(Records begins)

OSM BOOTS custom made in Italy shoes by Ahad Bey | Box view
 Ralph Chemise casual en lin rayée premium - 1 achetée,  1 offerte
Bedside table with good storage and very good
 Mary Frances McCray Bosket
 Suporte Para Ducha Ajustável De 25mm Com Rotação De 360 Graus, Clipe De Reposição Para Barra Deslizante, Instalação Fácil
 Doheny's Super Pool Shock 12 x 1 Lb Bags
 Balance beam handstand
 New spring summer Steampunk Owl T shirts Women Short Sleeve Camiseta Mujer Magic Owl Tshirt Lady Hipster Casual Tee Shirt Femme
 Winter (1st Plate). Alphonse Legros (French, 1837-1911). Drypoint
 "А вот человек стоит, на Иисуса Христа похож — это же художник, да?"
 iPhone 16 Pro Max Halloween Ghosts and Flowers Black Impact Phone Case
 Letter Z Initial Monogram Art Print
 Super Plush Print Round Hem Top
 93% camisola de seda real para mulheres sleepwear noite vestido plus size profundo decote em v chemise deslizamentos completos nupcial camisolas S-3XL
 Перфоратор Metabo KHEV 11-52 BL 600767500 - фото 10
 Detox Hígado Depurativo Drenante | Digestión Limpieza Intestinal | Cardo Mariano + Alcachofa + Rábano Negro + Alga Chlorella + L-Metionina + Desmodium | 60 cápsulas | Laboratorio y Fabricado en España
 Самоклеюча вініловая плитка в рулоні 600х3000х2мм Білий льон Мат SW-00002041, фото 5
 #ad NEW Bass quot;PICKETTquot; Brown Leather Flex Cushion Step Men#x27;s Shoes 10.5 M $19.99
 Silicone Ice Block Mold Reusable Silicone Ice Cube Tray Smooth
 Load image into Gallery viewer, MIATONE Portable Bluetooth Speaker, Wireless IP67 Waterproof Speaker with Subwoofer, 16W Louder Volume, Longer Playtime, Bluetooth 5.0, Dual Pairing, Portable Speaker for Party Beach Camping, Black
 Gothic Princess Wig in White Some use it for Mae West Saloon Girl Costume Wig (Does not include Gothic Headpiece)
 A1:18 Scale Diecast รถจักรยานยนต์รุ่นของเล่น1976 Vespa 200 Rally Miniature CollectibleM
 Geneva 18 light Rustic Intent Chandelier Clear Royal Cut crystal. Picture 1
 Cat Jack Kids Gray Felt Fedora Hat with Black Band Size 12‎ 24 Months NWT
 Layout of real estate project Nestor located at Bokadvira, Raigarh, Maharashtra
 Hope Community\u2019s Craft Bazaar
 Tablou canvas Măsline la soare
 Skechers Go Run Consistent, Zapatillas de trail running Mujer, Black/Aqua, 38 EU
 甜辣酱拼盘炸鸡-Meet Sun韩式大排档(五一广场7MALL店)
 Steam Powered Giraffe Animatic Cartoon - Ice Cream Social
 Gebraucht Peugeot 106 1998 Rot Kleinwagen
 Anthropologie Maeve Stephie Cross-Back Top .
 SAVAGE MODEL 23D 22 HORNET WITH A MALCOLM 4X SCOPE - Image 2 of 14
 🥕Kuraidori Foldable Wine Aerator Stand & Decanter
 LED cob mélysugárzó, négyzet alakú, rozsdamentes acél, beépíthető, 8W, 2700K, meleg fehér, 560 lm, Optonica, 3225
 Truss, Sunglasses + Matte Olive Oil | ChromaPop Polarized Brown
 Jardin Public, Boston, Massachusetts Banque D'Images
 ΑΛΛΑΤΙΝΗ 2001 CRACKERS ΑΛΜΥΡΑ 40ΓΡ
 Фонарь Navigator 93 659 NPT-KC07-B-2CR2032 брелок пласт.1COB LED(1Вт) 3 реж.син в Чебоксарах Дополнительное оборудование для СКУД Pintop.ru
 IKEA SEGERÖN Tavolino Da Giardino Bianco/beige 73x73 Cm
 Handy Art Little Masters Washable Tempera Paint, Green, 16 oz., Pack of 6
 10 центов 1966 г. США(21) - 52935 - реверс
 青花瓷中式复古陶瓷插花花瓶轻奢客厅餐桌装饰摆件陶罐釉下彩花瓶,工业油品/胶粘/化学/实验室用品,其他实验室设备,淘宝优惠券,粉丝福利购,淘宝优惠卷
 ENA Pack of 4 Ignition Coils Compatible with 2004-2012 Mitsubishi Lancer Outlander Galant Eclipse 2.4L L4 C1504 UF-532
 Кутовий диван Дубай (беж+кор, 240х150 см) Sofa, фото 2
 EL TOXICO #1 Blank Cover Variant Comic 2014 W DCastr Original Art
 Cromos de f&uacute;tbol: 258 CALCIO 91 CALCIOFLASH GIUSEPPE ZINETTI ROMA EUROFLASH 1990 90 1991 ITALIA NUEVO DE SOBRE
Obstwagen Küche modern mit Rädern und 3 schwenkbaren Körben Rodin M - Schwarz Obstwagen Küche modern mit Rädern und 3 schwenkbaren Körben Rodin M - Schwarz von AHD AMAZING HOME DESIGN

(Records ends)

■ Requirement
Above are the records; copy exactly the lines from the line with "Load image into" through the line with "Cromos de f&uacute;tbol: 258", both included.

■ Worked solution
 Load image into Gallery viewer, MIATONE Portable Bluetooth Speaker, Wireless IP67 Waterproof Speaker with Subwoofer, 16W Louder Volume, Longer Playtime, Bluetooth 5.0, Dual Pairing, Portable Speaker for Party Beach Camping, Black
 Gothic Princess Wig in White Some use it for Mae West Saloon Girl Costume Wig (Does not include Gothic Headpiece)
 A1:18 Scale Diecast รถจักรยานยนต์รุ่นของเล่น1976 Vespa 200 Rally Miniature CollectibleM
 Geneva 18 light Rustic Intent Chandelier Clear Royal Cut crystal. Picture 1
 Cat Jack Kids Gray Felt Fedora Hat with Black Band Size 12‎ 24 Months NWT
 Layout of real estate project Nestor located at Bokadvira, Raigarh, Maharashtra
 Hope Community\u2019s Craft Bazaar
 Tablou canvas Măsline la soare
 Skechers Go Run Consistent, Zapatillas de trail running Mujer, Black/Aqua, 38 EU
 甜辣酱拼盘炸鸡-Meet Sun韩式大排档(五一广场7MALL店)
 Steam Powered Giraffe Animatic Cartoon - Ice Cream Social
 Gebraucht Peugeot 106 1998 Rot Kleinwagen
 Anthropologie Maeve Stephie Cross-Back Top .
 SAVAGE MODEL 23D 22 HORNET WITH A MALCOLM 4X SCOPE - Image 2 of 14
 🥕Kuraidori Foldable Wine Aerator Stand & Decanter
 LED cob mélysugárzó, négyzet alakú, rozsdamentes acél, beépíthető, 8W, 2700K, meleg fehér, 560 lm, Optonica, 3225
 Truss, Sunglasses + Matte Olive Oil | ChromaPop Polarized Brown
 Jardin Public, Boston, Massachusetts Banque D'Images
 ΑΛΛΑΤΙΝΗ 2001 CRACKERS ΑΛΜΥΡΑ 40ΓΡ
 Фонарь Navigator 93 659 NPT-KC07-B-2CR2032 брелок пласт.1COB LED(1Вт) 3 реж.син в Чебоксарах Дополнительное оборудование для СКУД Pintop.ru
 IKEA SEGERÖN Tavolino Da Giardino Bianco/beige 73x73 Cm
 Handy Art Little Masters Washable Tempera Paint, Green, 16 oz., Pack of 6
 10 центов 1966 г. США(21) - 52935 - реверс
 青花瓷中式复古陶瓷插花花瓶轻奢客厅餐桌装饰摆件陶罐釉下彩花瓶,工业油品/胶粘/化学/实验室用品,其他实验室设备,淘宝优惠券,粉丝福利购,淘宝优惠卷
 ENA Pack of 4 Ignition Coils Compatible with 2004-2012 Mitsubishi Lancer Outlander Galant Eclipse 2.4L L4 C1504 UF-532
 Кутовий диван Дубай (беж+кор, 240х150 см) Sofa, фото 2
 EL TOXICO #1 Blank Cover Variant Comic 2014 W DCastr Original Art
 Cromos de f&uacute;tbol: 258 CALCIO 91 CALCIOFLASH GIUSEPPE ZINETTI ROMA EUROFLASH 1990 90 1991 ITALIA NUEVO DE SOBRE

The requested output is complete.